Collected data
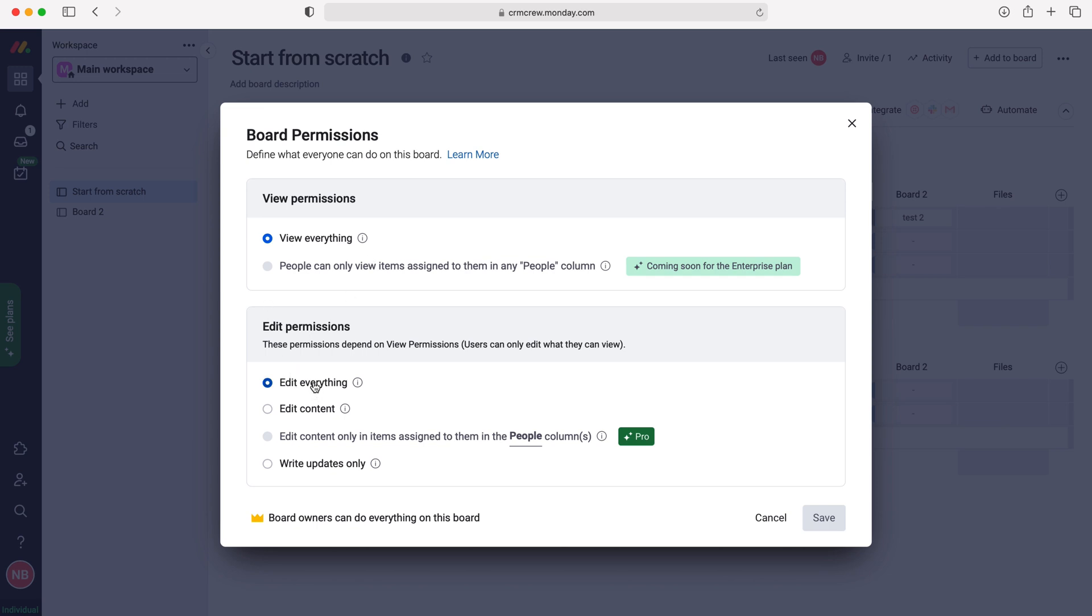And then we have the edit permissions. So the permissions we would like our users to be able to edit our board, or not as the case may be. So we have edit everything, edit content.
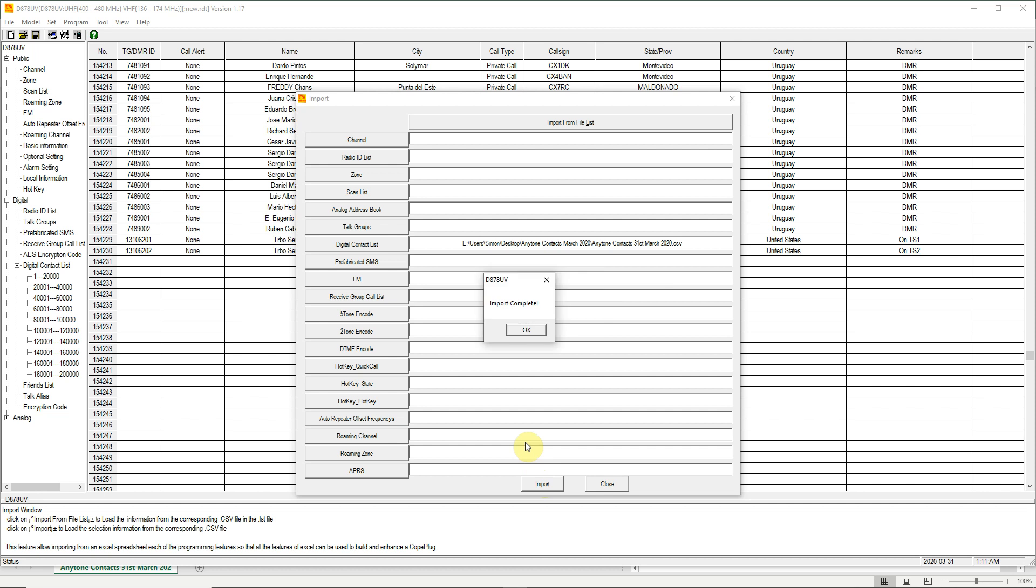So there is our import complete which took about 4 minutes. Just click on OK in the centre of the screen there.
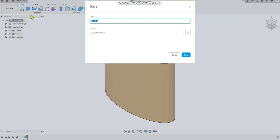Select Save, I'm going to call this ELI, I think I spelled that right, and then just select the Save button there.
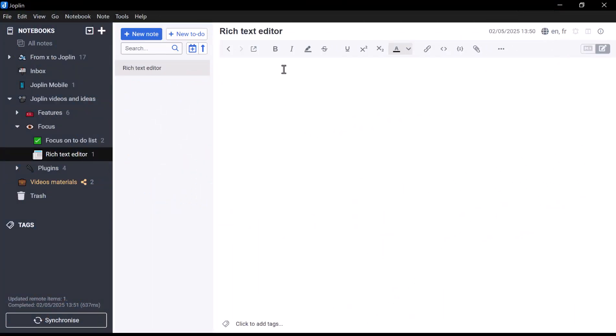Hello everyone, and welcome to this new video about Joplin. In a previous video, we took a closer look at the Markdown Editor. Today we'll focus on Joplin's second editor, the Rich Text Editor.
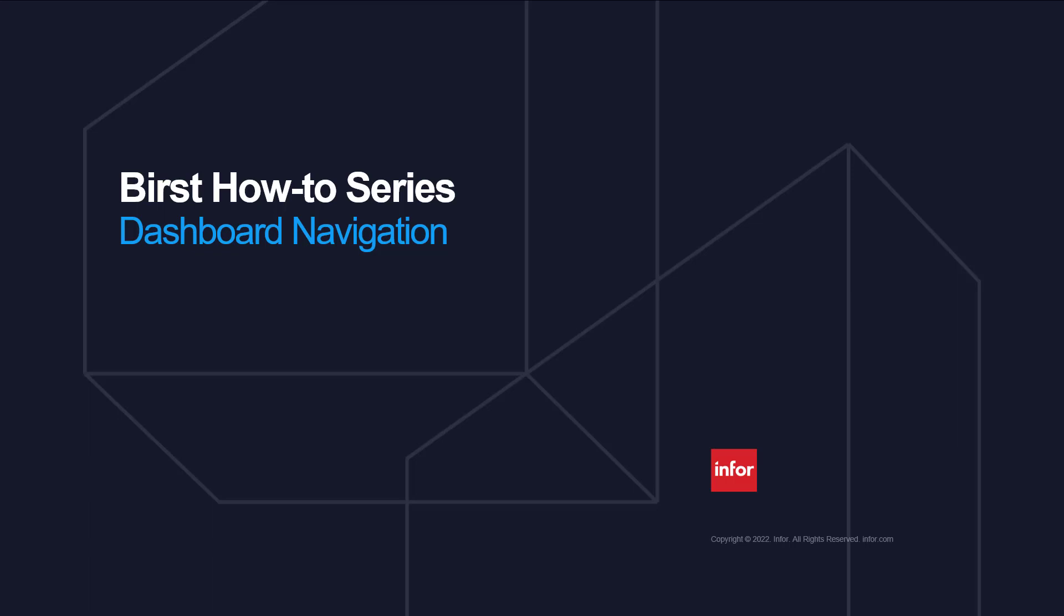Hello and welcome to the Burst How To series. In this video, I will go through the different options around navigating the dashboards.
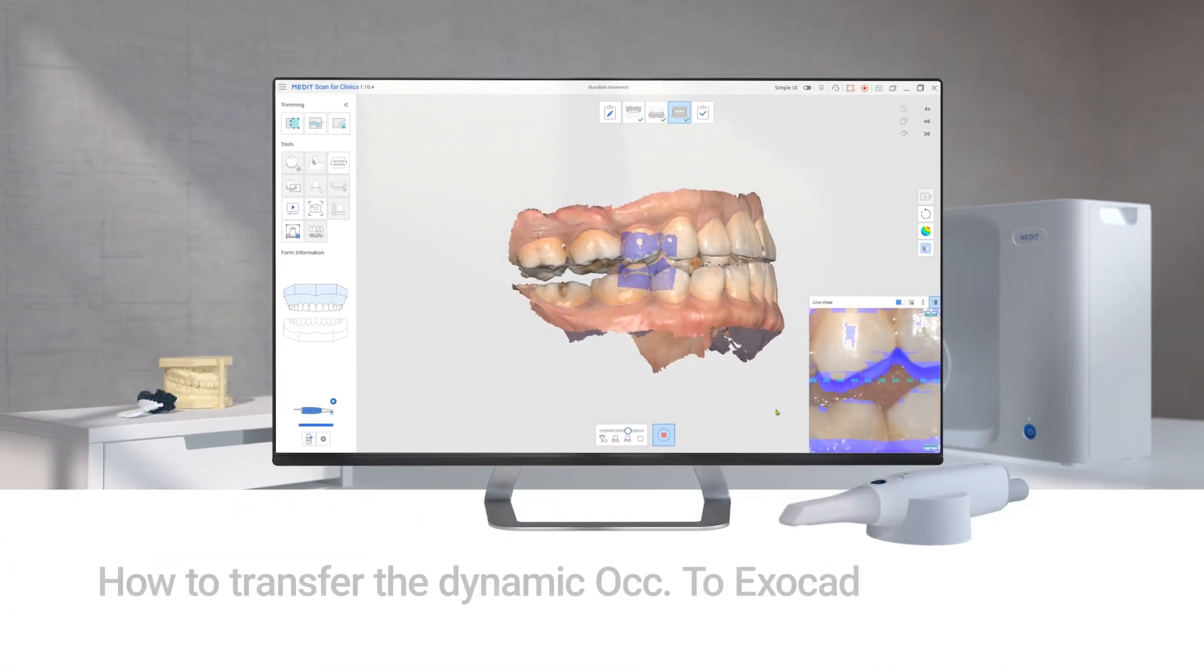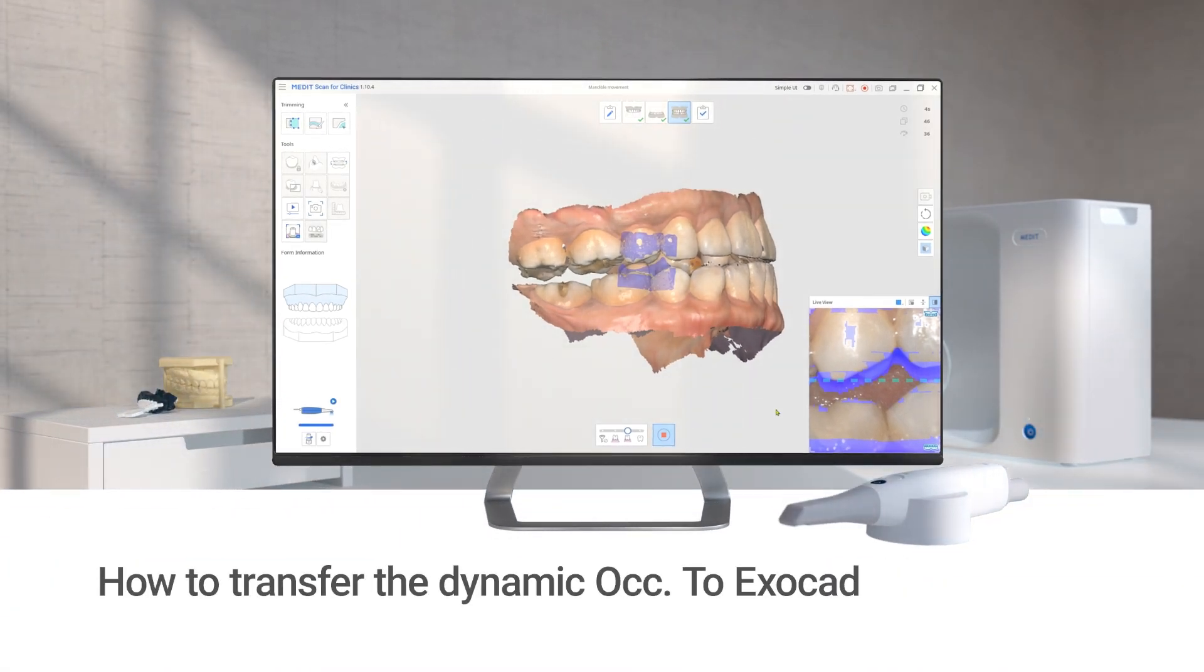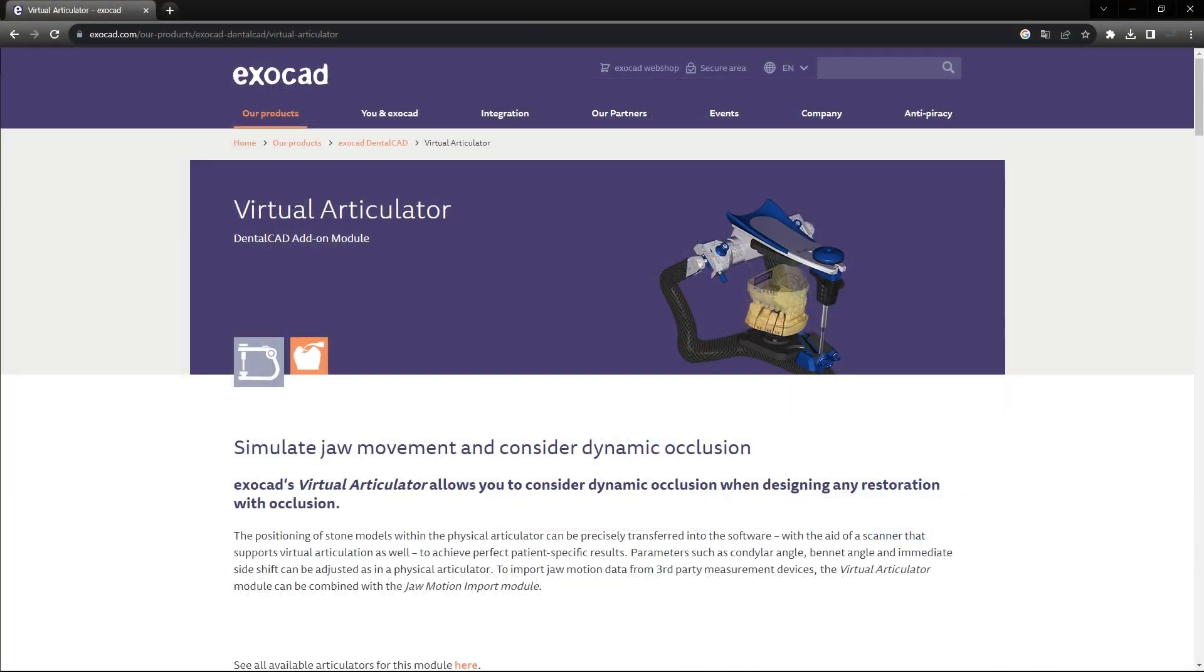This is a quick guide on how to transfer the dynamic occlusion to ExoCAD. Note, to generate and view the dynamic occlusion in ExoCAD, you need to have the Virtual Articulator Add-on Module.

### Task instructions
Only the lines from the one containing "So there is" through the final line of the entries belong in the copy, both ends included. Pictures stay out.

### Response box
So there is our import complete which took about 4 minutes. Just click on OK in the centre of the screen there.
Select Save, I'm going to call this ELI, I think I spelled that right, and then just select the Save button there.
Hello everyone, and welcome to this new video about Joplin. In a previous video, we took a closer look at the Markdown Editor. Today we'll focus on Joplin's second editor, the Rich Text Editor.
Hello and welcome to the Burst How To series. In this video, I will go through the different options around navigating the dashboards.
This is a quick guide on how to transfer the dynamic occlusion to ExoCAD. Note, to generate and view the dynamic occlusion in ExoCAD, you need to have the Virtual Articulator Add-on Module.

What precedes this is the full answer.